The burger: The Twins might not be the winning-est team in major league baseball, but Target Field has got to be one of the sport's top-performing venues. Consider the way it's always innovating in the food-and-drink front. This season's big to-do is pretty major: it's the advent of Bat & Barrel, an enormous, great-looking, open-to-everyone restaurant and bar, located on right field's Club level.
In remaking the former Metropolitan Club, executive chef Kurt Chenier tapped partnerships with Twin Cities restaurants to craft his table-service menu (the servers, by the way, are terrific, communicating with the kitchen via iPad, and the food arrives in a flash), a savvy way to connect the ballpark with the community.
There are a handful of burgers on the menu, including an impressive double-decker veggie cheeseburger using Impossible Burger patties, a plant-based product that comes remarkably close to resembling an actual grilled beef patty.
The headliner is another double-patty cheeseburger, a knife-and-fork bruiser that Chenier borrows (and tweaks, smartly) from Ike's Food & Cocktails.
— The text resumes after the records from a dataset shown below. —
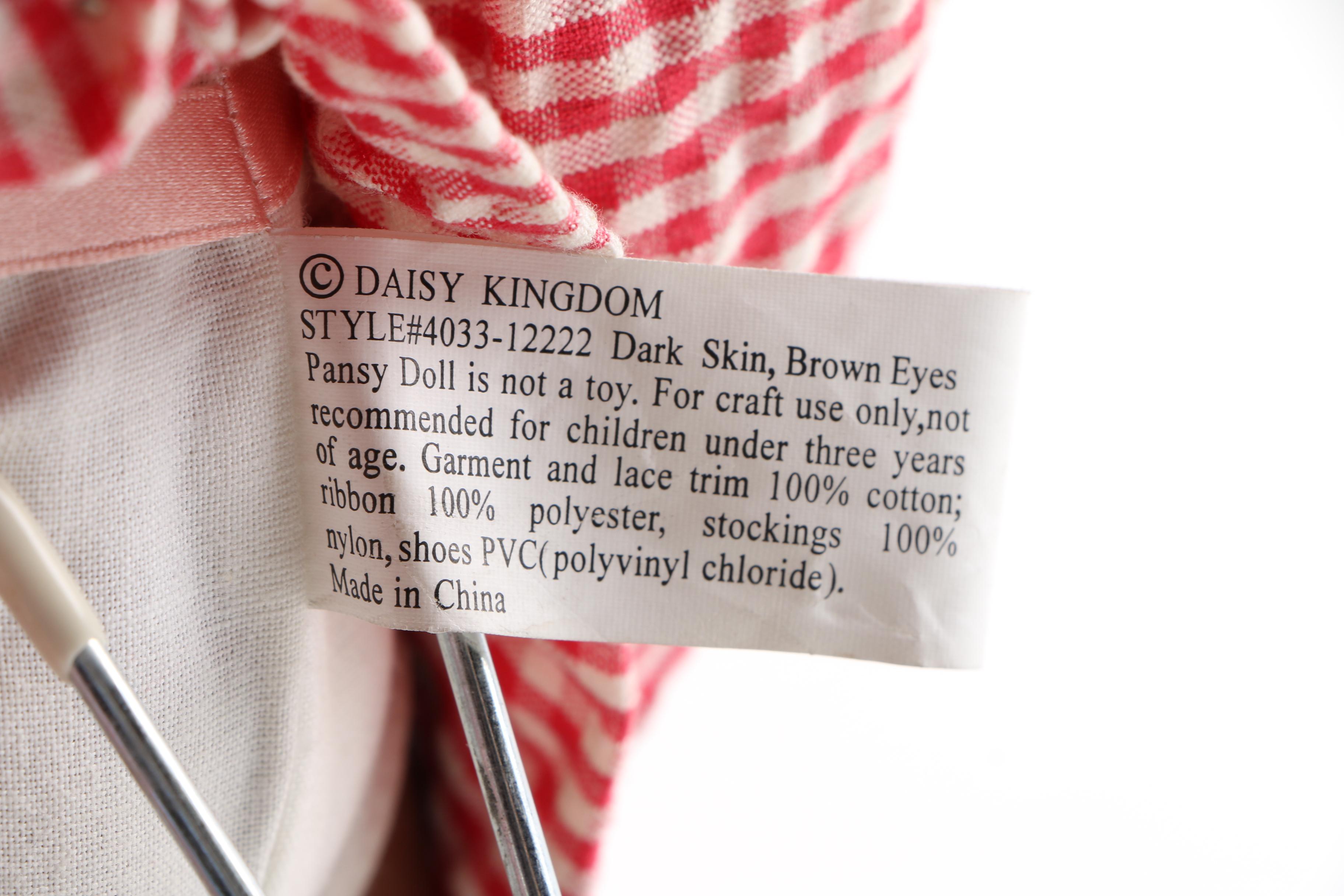 Vintage Style African American "Pansy" Doll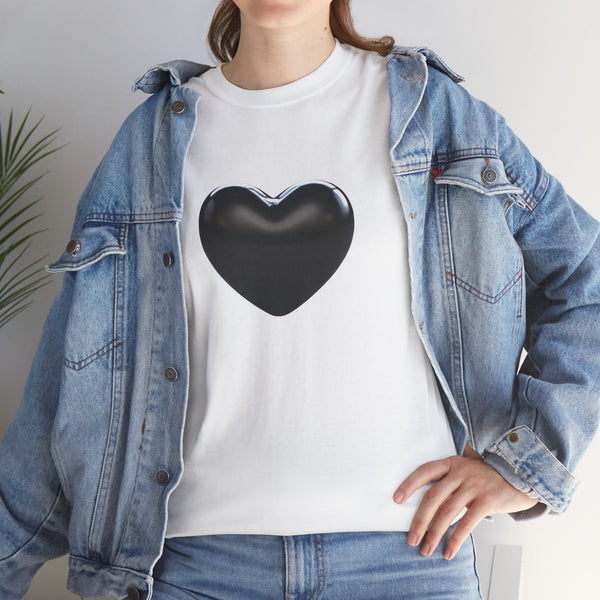 Cotton T-Shirt "Little Black Heart"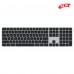 Apple Magic Keyboard with Touch ID and Numeric Keypad for Mac models with Apple silicon - Black Keys (MMMR3LL/A) | английская раскладка США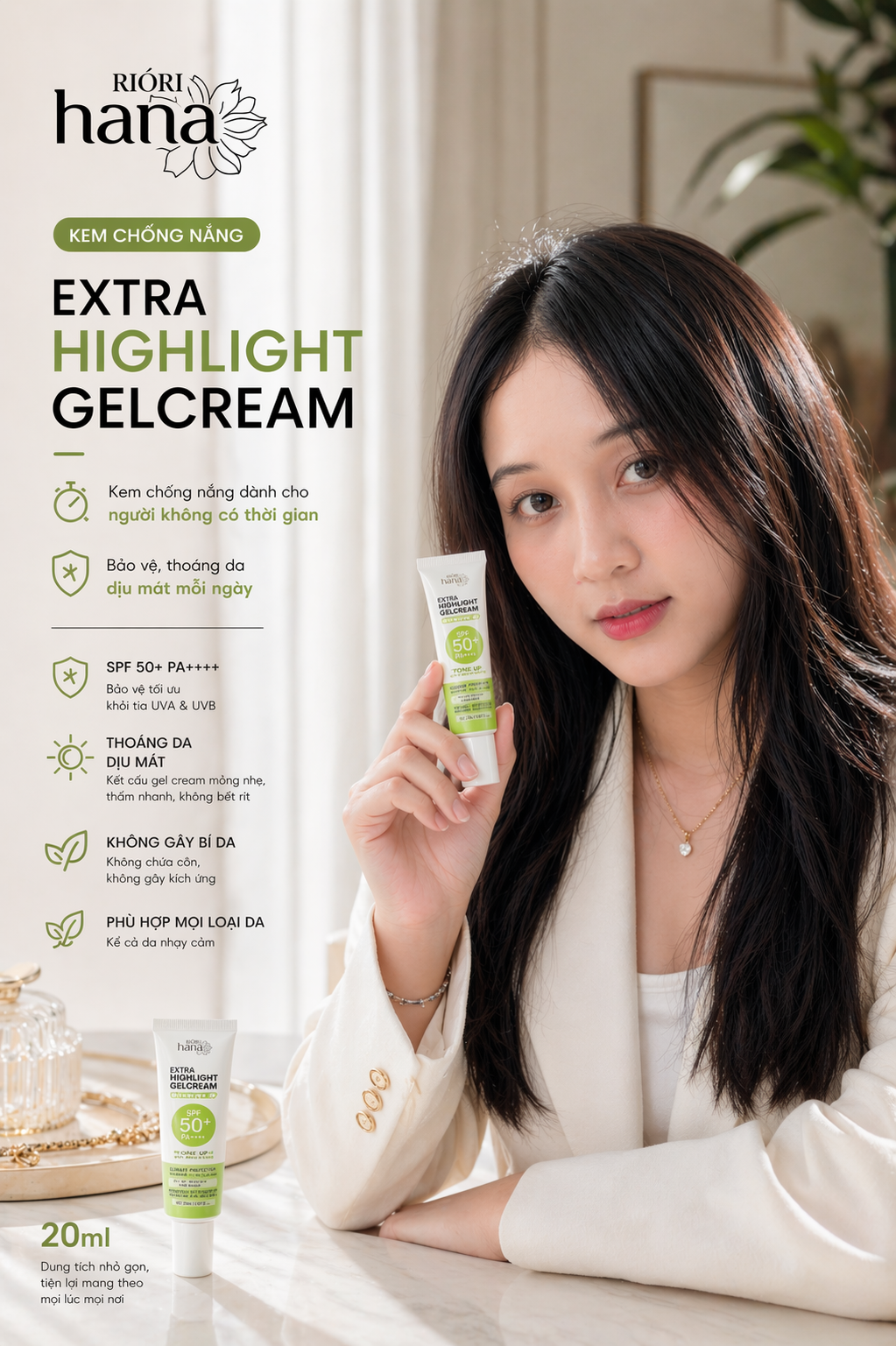 Extra UV Highlight Gelcream SPF50+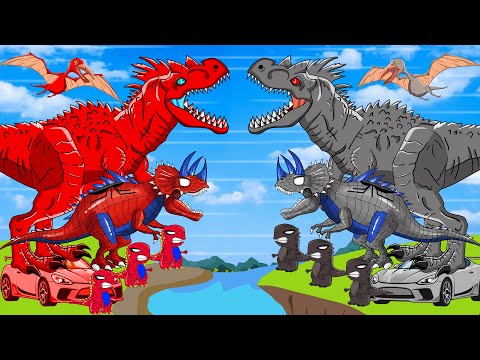 All T-REX DINOSAURUS x Vastatosaurus REX, CARNOTAURUS, Indoraptor Rampage EVOLUTION Animation
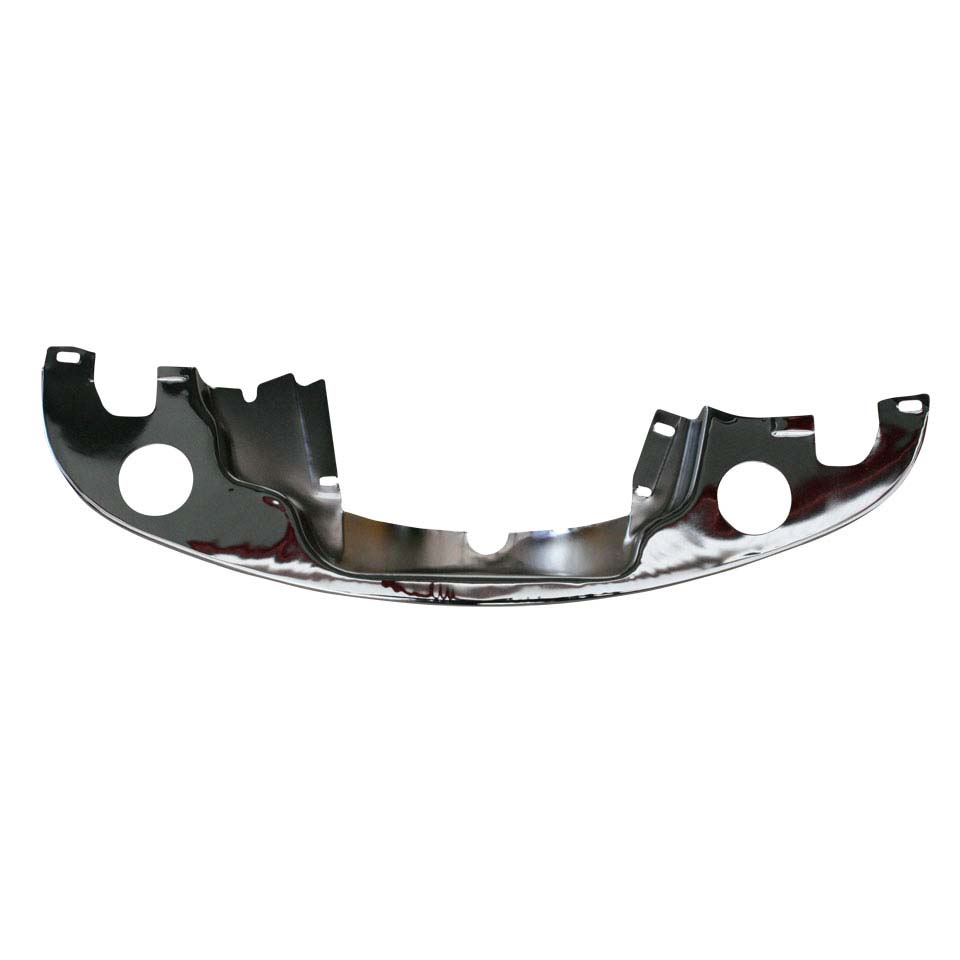 Tôle arrière du moteur,avec chauffage / préchauffage (chromée)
At Ike's, the "Tavern Burger" calls upon a half-pound patty. But at Bat & Barrel, Chenier splits the difference, using two four-ounce patties. Why? Timing.
"On any given day, we've had 400 people walk through the door, and when the weather gets nice, I imagine we'll have up to a thousand," he said. "That's a big chunk of people. Which is why we built our menu based on speed and accuracy."
A four-ounce patty cooks in five minutes, while an eight-ounce version requires an additional three to four minutes. There are aesthetics to consider, too.
"I just think it's easier to eat a double stack rather than a single eight-ounce patty," he said.